Cadbury shares were down 0.8 percent at 826.5 pence in midmorning trade on the London Stock Exchange, as analysts downgraded the attraction of the stock because of Hershey's expected exit from the race and its likely increased exposure to U.S. equity markets.
The shares are currently trading below the Kraft bid of 840 pence per share for the British maker of Dairy Milk chocolates and Dentyne gum, comprising 500 pence cash and 0.1874 new Kraft shares for each Cadbury share.
The combination of Cadbury and Kraft, the maker of Toblerone chocoloate, Velveeta processed cheese and Oreo cookies, would create the world's biggest confectionary company, replacing Mars Inc.
Analysts have been sceptical that Hershey would be able to top Kraft's decision to increase its previously hostile bid by 9 percent to win the Cadbury board's favor.

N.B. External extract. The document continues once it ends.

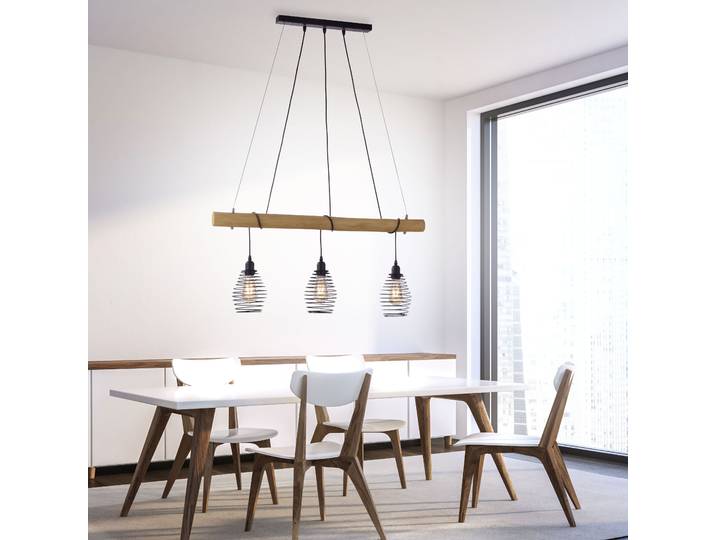 JUST LIGHT Pendelleuchte SPRING , braun (holz, natur), 3, 1 Stk., Leuchten, ExklusiveE27, Pendelleuchte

Hershey, based in the Pennsylvania town of the same name, is much smaller than Cadbury and has been negotiating with banks and the charitable trust that controls its shares over structuring an offer.
As well as trumping Kraft's offer, Hershey would have to pay a 118 million pound break fee and undergo a potentially lengthy regulatory review in the United States, given the two companies are already partners in international product licenses.
Charles Stanley analyst Jeremy Batstone-Carr said he was downgrading Cadbury from a "reduce" to "sell" in light of Hershey's likely exit from the race.
Batstone-Carr recommended investors switch to consumer products maker Unilever NV, which is being overhauled by new Chief Executive Paul Polman.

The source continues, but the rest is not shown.